Insgesamt – das haben wir in den Haushaltsdebatten in diesen Tagen immer wieder gehört – ist die Digitalisierung kein Ruhmesblatt dieser Landesregierung. Das gilt insbesondere vor dem Hintergrund dessen, was alles angekündigt worden ist. Was ist vor der Wahl angekündigt worden? Was ist in den ersten zweieinhalb Jahren bei irgendwelchen Gipfeln, bei irgendwelchen Pakten, bei irgendwelchen Masterplänen angekündigt worden? Und was kommt dann?

Wir reden hier immer wieder über den Infrastrukturausbau, auch gerade in dieser Debatte. Was ist aus „Glasfaser first“ geworden? Aus „Glasfaser first“ ist „glasfaserbasiert“, „gigabitfähig“ oder sonst irgendeine Variante von „alles kann, nichts muss“ geworden.

Statt dieses ewigen Verzögerns von zukunftsfähiger Infrastruktur brauchen wir „Glasfaser only“, und zwar flächendeckend und schnell. Dafür brauchen wir einen klaren Plan. Denn heute haben wir ein buntes Durcheinander von zahllosen Akteuren, die sich alle irgendwo durch die nordrhein-westfälische Erde buddeln – wenn sie überhaupt einmal an die Fördermittel herankommen.

Denn das ist das zweite Problem. Im Moment sehen wir, dass die Kommunen in diesem Prozess nicht als eigenständige Akteure wahrgenommen werden und dass sie nicht dabei unterstützt werden, die Prozesse zu vereinfachen, weil es nach wie vor nicht möglich

ist, die Bürokratie an dieser Stelle nennenswert zu vereinfachen. Wir haben immer noch Hunderte Seiten Förderrichtlinien und Hunderte Seiten Leitfäden. Wenn man das durchgearbeitet hat, bekommt man am Ende noch eine Handlungsanleitung dazu.

Wen wundert es bei diesem Wirrwarr, dass von den 878 Millionen Euro, die für den Ausbau der digitalen Infrastruktur bewilligt sind, bisher erst 29 Millionen Euro verbaut sind? Wen wundert es, dass wir da nicht vorankommen?

(Beifall von den GRÜNEN – Vereinzelt Beifall von der SPD)

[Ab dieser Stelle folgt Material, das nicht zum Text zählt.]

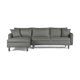 thumbnail image 2 of Sala Modular Sofá Cama Malta Gris Claro, 2 of 8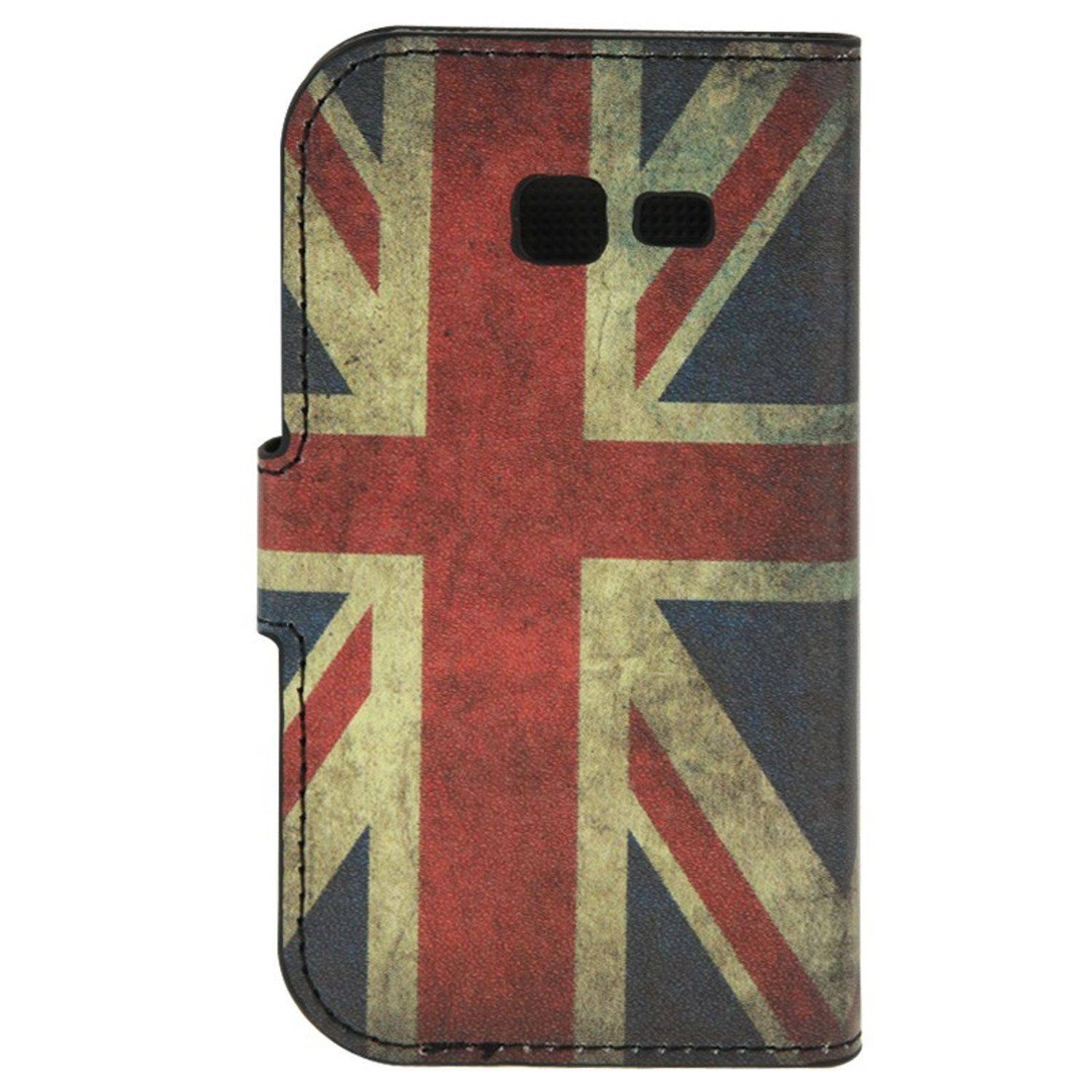 Samsung Galaxy Trend Lite S7390 Handyhülle Backcover Mehrfarbig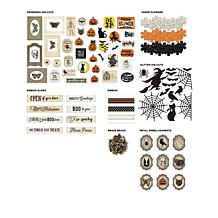 Diamond Press Happy Haunting Embellishment Kit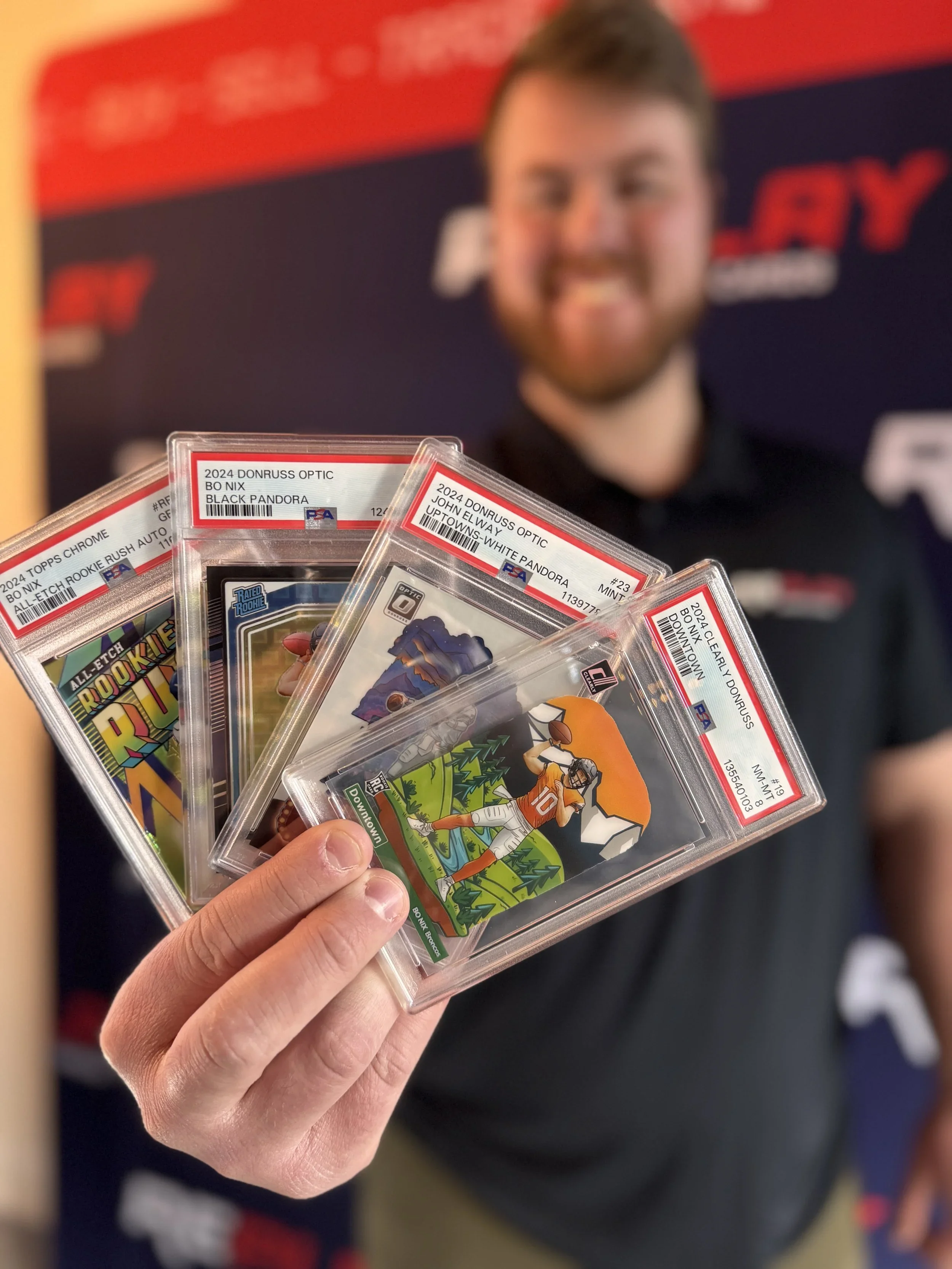 Monthly Trade Night at Replay Sports Cards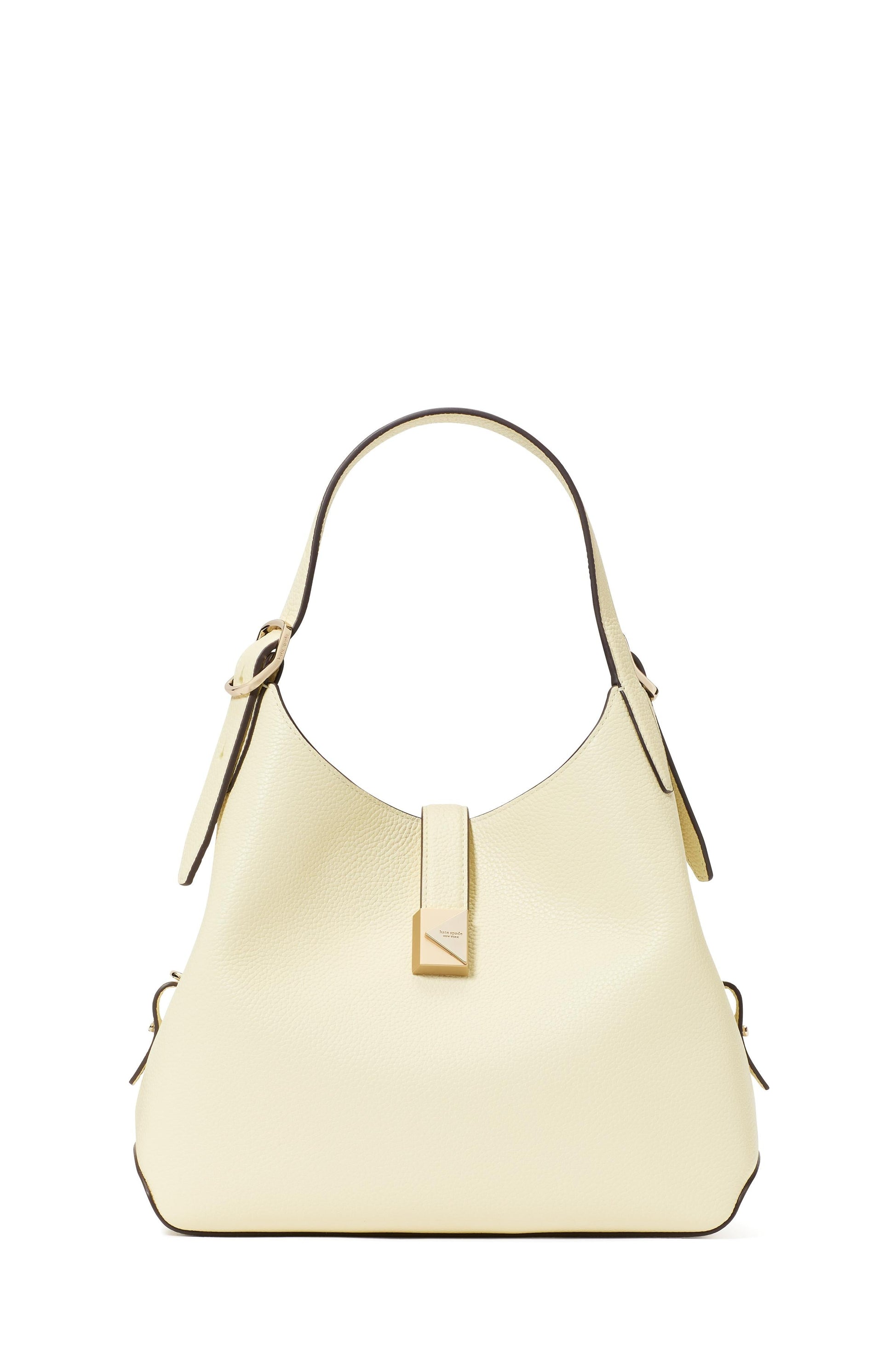 KI557-Deco Crossbody Tote-Sweet Cream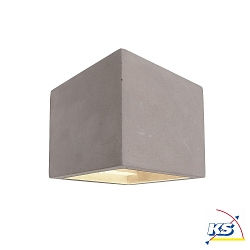 Kapego Wall luminaire Cube, gray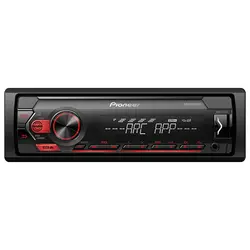 پخش کننده خودرو پایونیر مدل Pioneer Media Receiver MVH-S125UI - بانک آپشن
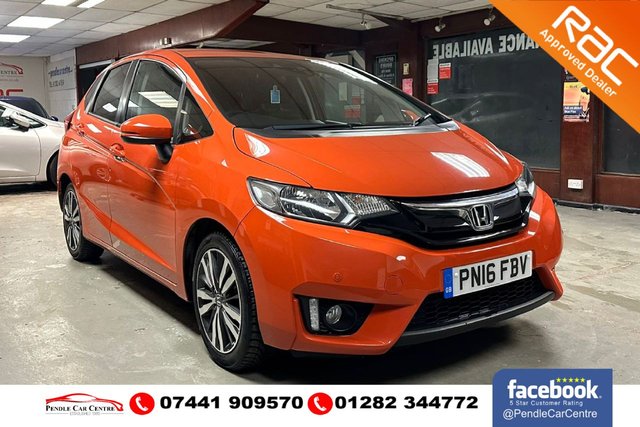 2016 16 Honda Jazz 1.3 i-VTEC EX Hatchback 5dr Petrol CVT Euro 6 (s/s) (102 ps)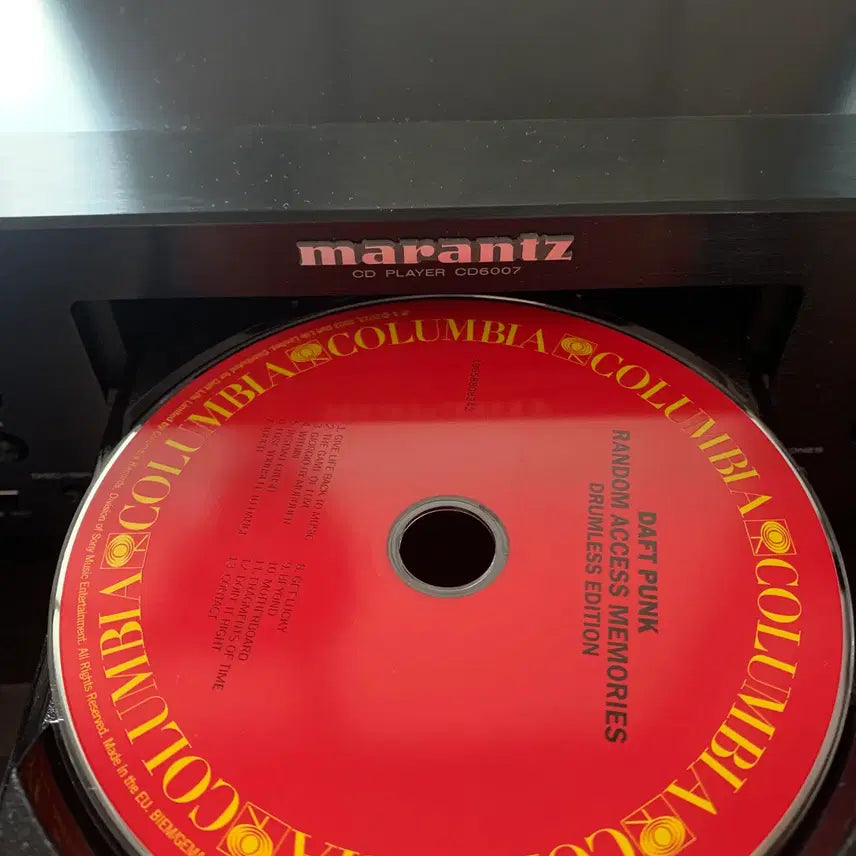 [BUNJANG] Daft Punk Random Access Memories Drumless Edition CD / Daft Punk (다프트 펑크) - Random Access Memories Drumless Edition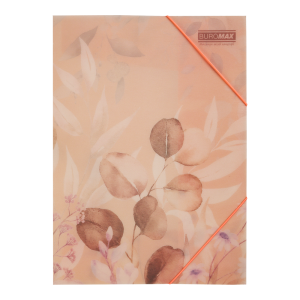 Папка на резинках Buromax ARABESKI А4 BM.3908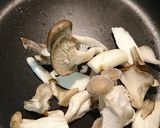 柚子香るキノコパスタ作り方1写真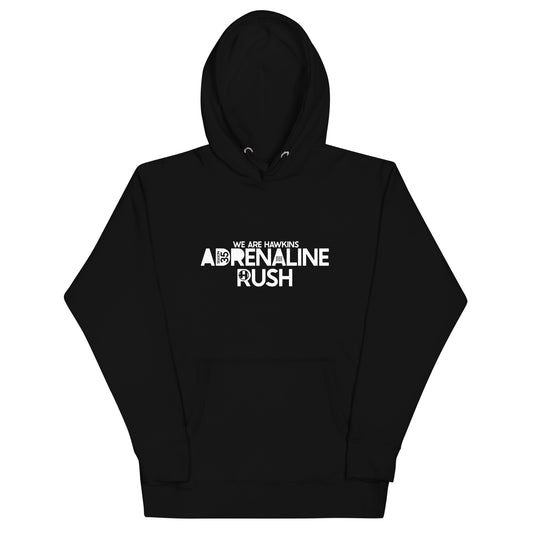 ADRENALINE RUSH (season 35) adult hoodie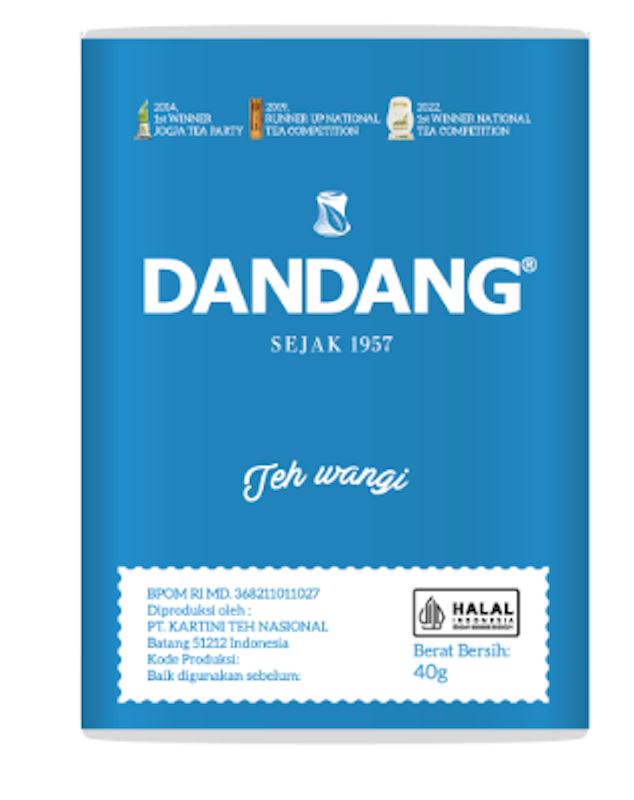 Teh Dandang Biru
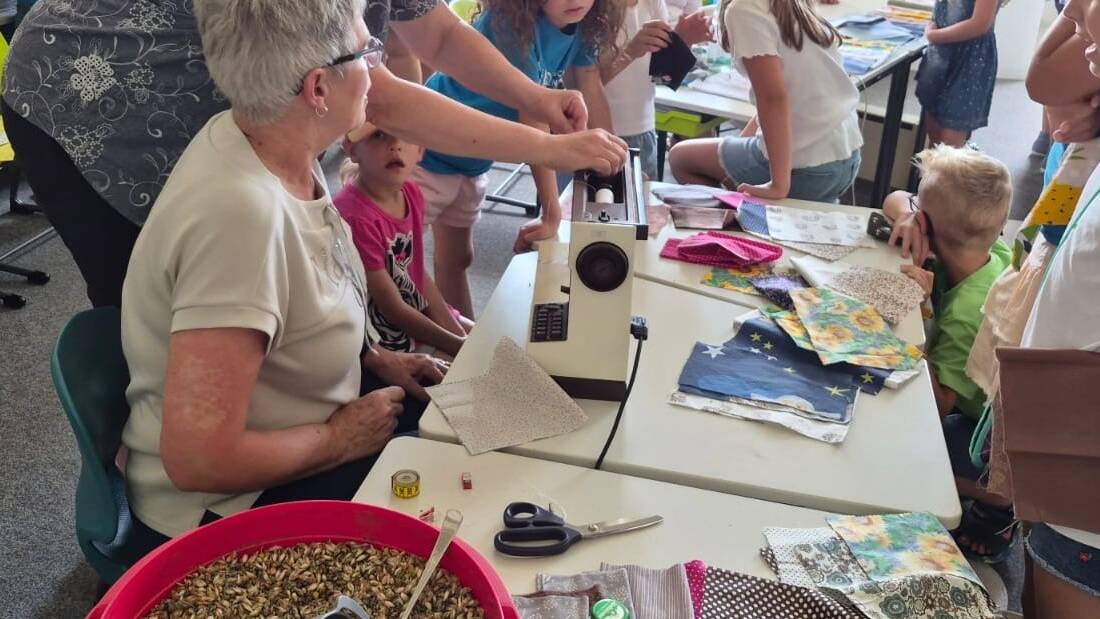 Bild Schulfest 2026 - Näh-Omis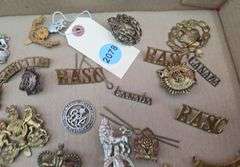 collection of assorted British Uniform Insignia & Decorations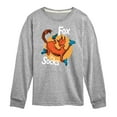 thumbnail image 1 of Dr. Seuss - Fox In Socks Jumping  - Toddler & Youth Long Sleeve Graphic T-Shirt, 1 of 6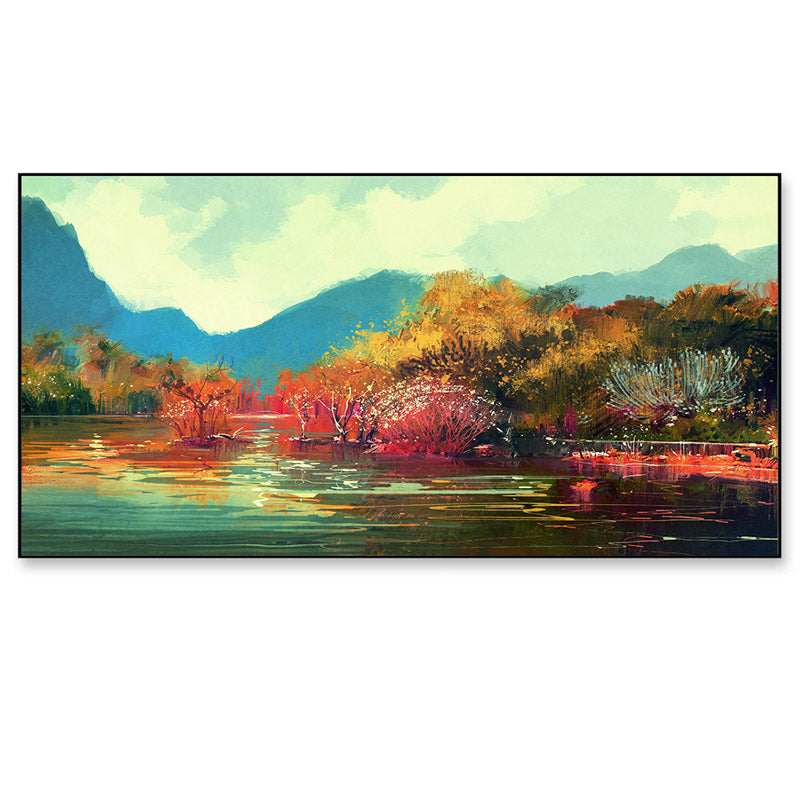 Buy Stunning Scape Wall Painting Wall Art & Paintings from Vaaree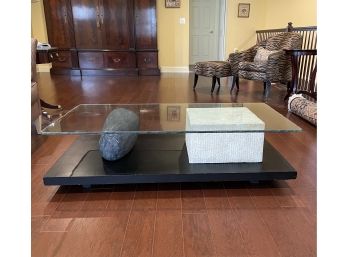 Mid Century Modern Sculptural Coffee Table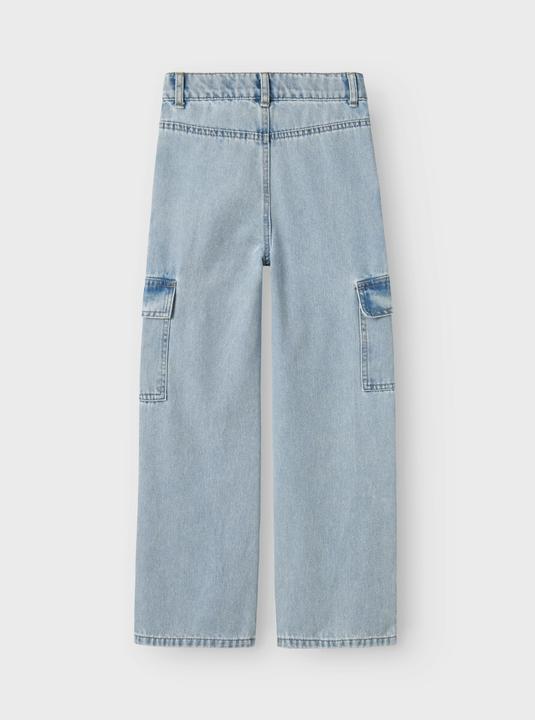 Immagine prodotto Name it Nkfrose Hw Wide Cargo Jeans 6190-Bs Noos (158)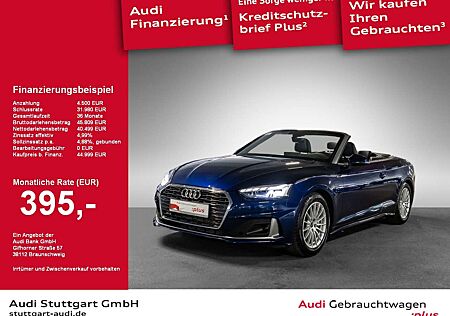 Audi A5 Cabriolet advanced 40 TFSI S tronic Memory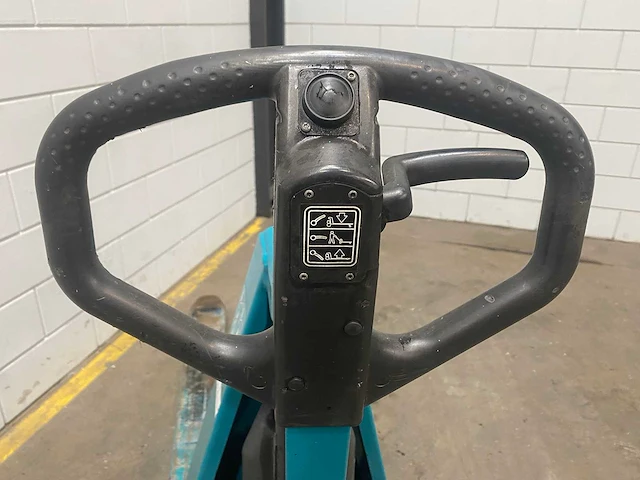 Weldan - hand hydraulische palletwagen - afbeelding 6 van  9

Dann feiert sich diese Landesregierung dafür, dass sie einen Mobilfunkpakt geschlossen hat – schon wieder eine schöne Ankündigung; schon wieder eine schöne Überschrift; schon wieder ein wunderbarer Pressetermin, den man einfach im Jahr danach wiederholt hat.

Eine konkrete Verpflichtung in diesem Mobilfunkpakt ist, dass alle Funklöcher an den Hauptverkehrswegen bis Ende dieses Jahres geschlossen werden sollen. Herr Minister, fahren Sie einmal mit Ihrem Auto auf der A46 oder setzen sich in einen ICE und fahren durchs Ruhrgebiet auf der Strecke nach Berlin, vielleicht sogar über Hamm hinaus. Dann werden Sie sehen, dass Sie der Funklochminister sind.

(Beifall von den GRÜNEN – Vereinzelt Beifall von der SPD)

Meine Damen und Herren, das Gleiche gilt bei der digitalen Bildung. Ich mache Ihnen, Herr Pinkwart, keinen Vorwurf, dass es beim DigitalPakt so lange gedauert hat, bis sich die Ministerpräsidenten auf ihrem Pavianhügel geeinigt hatten.